Rata-rata petugas KPPS yang meninggal dunia akibat kelelahan dan stres. Menurut Ermita, stres bisa terjadi akibat pekerjaan yang banyak belum tuntas, dikejar tenggat waktu, dan tak tidur. Ermita mengatakan, setiap manusia terbiasa tidur pada malam hari dan terjaga pada siang hari. Setiap manusia pun punya irama sirkadian—proses biologis yang menunjukkan osilasi endogen dan berulang setiap sekitar 24 jam.
Ermita lebih sepakat bila ada pengaturan jam kerja bagi petugas KPPS. Hal ini, katanya, bertujuan mencegah gangguan kesehatan pada petugas.
“Seharusnya kalau memang mereka harus bekerja nonstop beberapa hari, perlu dibuat shift kerja, 2 sampai 3 shift. Makanan dan minuman harus tersedia cukup dan tepat waktu,” ujarnya.
Selain itu, ambulans juga harus disediakan untuk cakupan luas area tertentu, demi memudahkan tindak lanjut penanganan ke rumah sakit terdekat. “Minimal ada persediaan obat-obatan di setiap TPS. Ada dokter stand by untuk luas area tertentu,” katanya.
Senada dengan Ermita, peneliti di Pusat Penelitian Politik Lembaga Ilmu Pengetahuan Indonesia (LIPI) Wasisto Raharjo Jati menilai, kelemahan pelaksanaan Pemilu 2019 adalah ketiadaan pola pembagian waktu kerja bagi petugas KPPS.
Yang perlu diingat, Pemilu 2019 adalah pemilu pertama yang dilakukan secara serentak, yakni pemilihan presiden (pilpres) dan pemilihan calon anggota legislatif (pileg).

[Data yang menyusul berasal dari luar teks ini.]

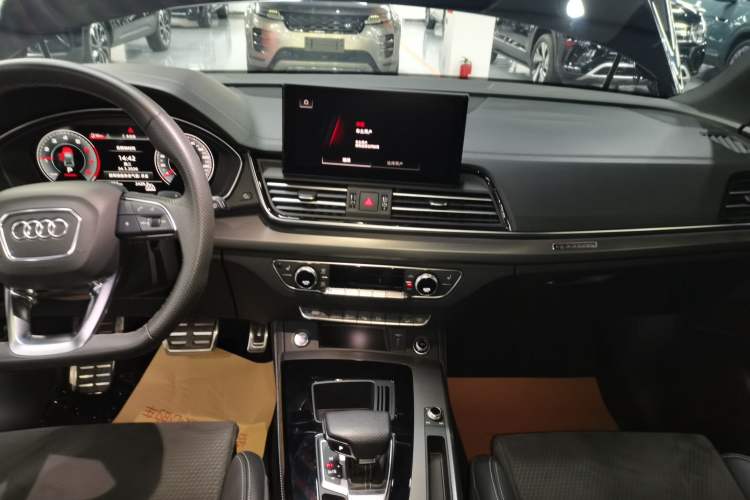 Used Audi Q5L Sportback 2024 40 TFSI Luxury Edition Audio And AC Panel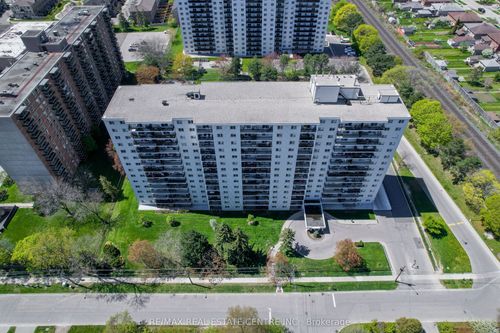 704-1100 Caven St, Mississauga, ON, L5G4N3 | Card Image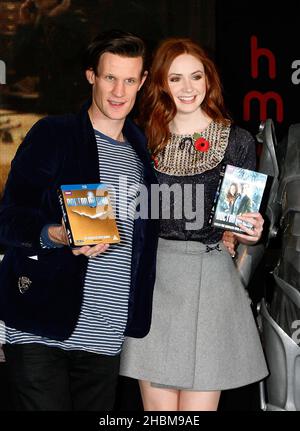 Matt Smith, et Karen Gillan, Time Lord et son Sidekick Amy Pond signent des copies de Doctor Who: The Complete Series Five DVD Box Set à HMV Oxford Street, Londres, le 8,2010 novembre. Banque D'Images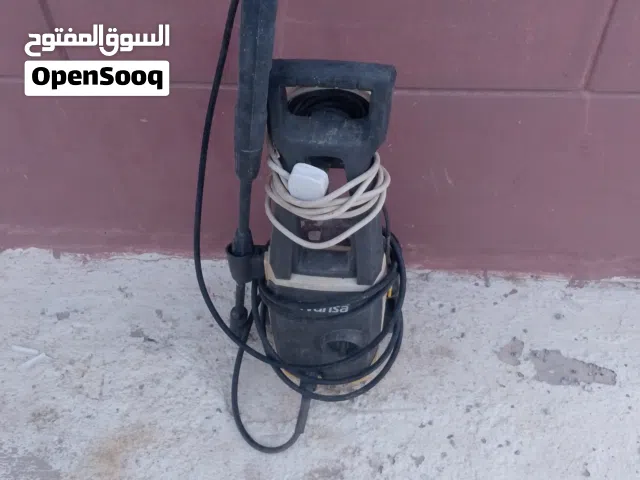 للبيع مضخة غسيل شغالة زين  تصلح لغسيل السيارات والحوش والسجاد وأي استخدام تنظيف معاها الفرد واللي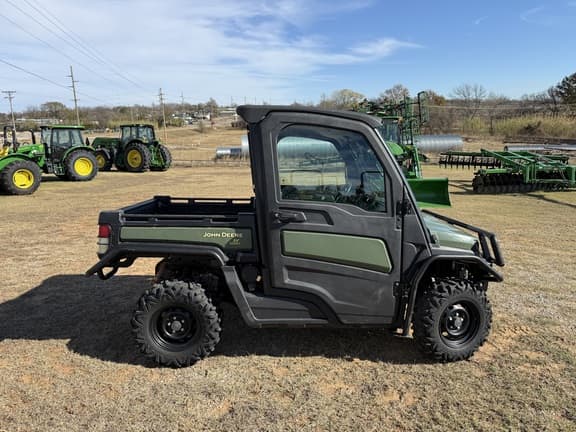 Image of John Deere XUV 835M equipment image 4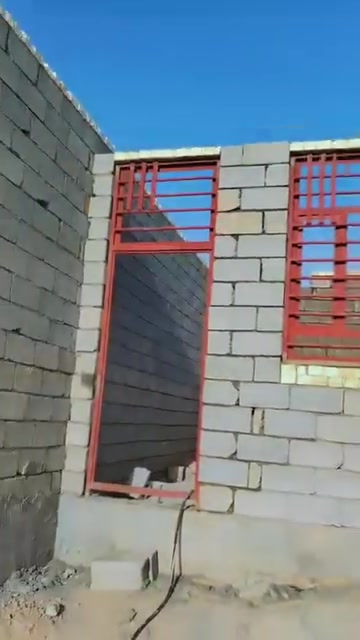 خلفه بناء بلوك 
***********
***********
​"البناء مو بس صف بلوك، البناء فن وهندسة. مستعدين لتسليم كافة الأعمال لأدق المهندسين وبمواصفات قياسية. كوادرنا مفتوحة العدد ونغطي أضخم المشاريع في صلاح الدين وبغداد. دقة بمواعيدنا.. ونظافة بشغلنا.
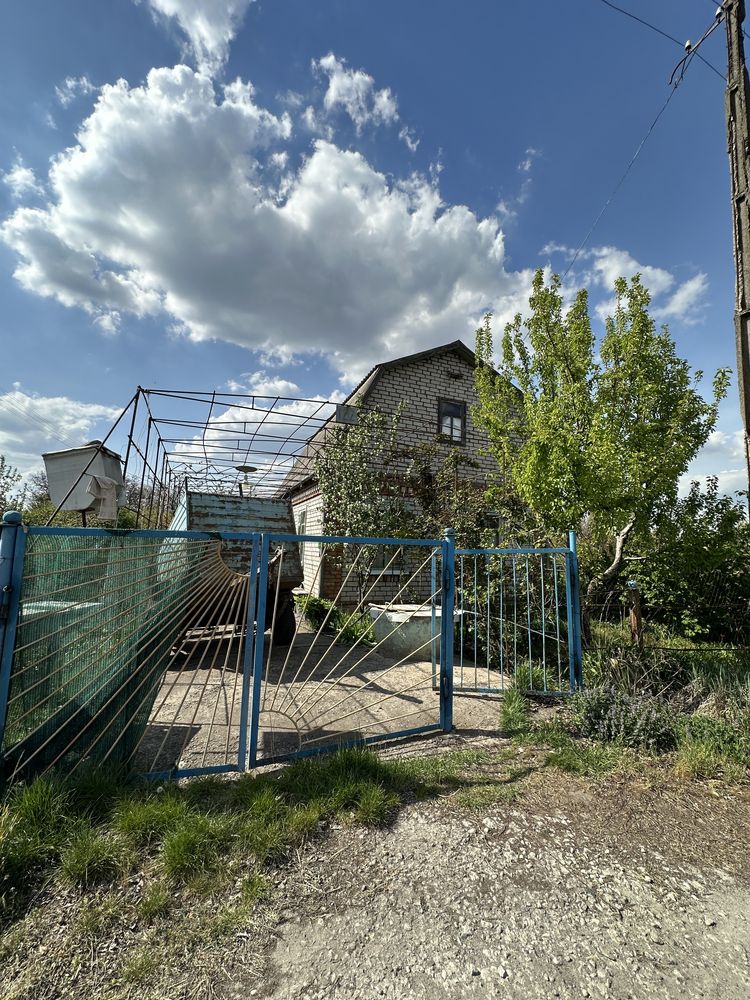 Продаємо дачу біля річки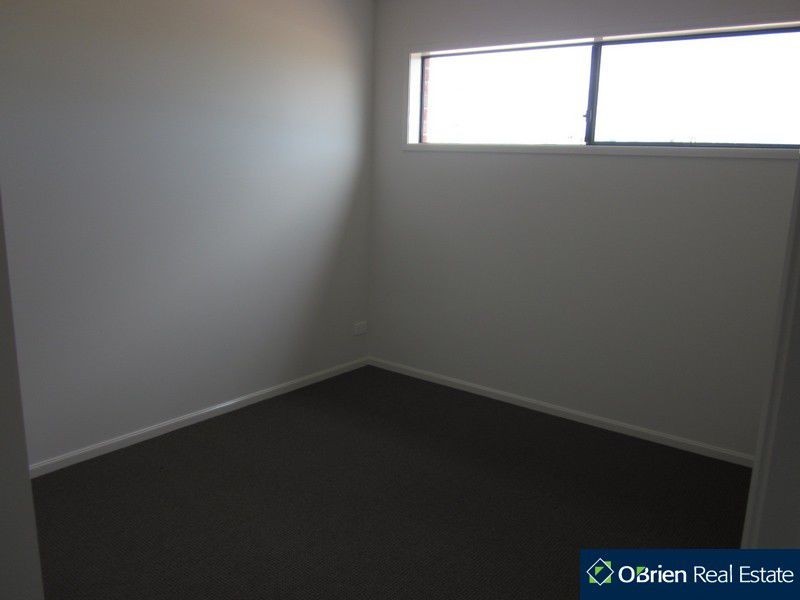 26 Elwick Drive, Clyde North VIC 3978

“Idealnya pemilu serentak ini dapat memangkas tahapan pemilu yang panjang. Tetapi sayangnya tidak humanis dalam pelaksanannya,” ujar Wasisto saat dihubungi, Selasa (23/4).
Tak hanya itu, menurutnya, pemilu serentak yang menguras emosi dan tenaga, juga mengharuskan penghitungan suara bersamaan untuk empat tingkatan pemilihan. Ia pun menyayangkan besaran honorarium bagi petugas KPPS yang tidak sepadan dengan tanggung jawabnya.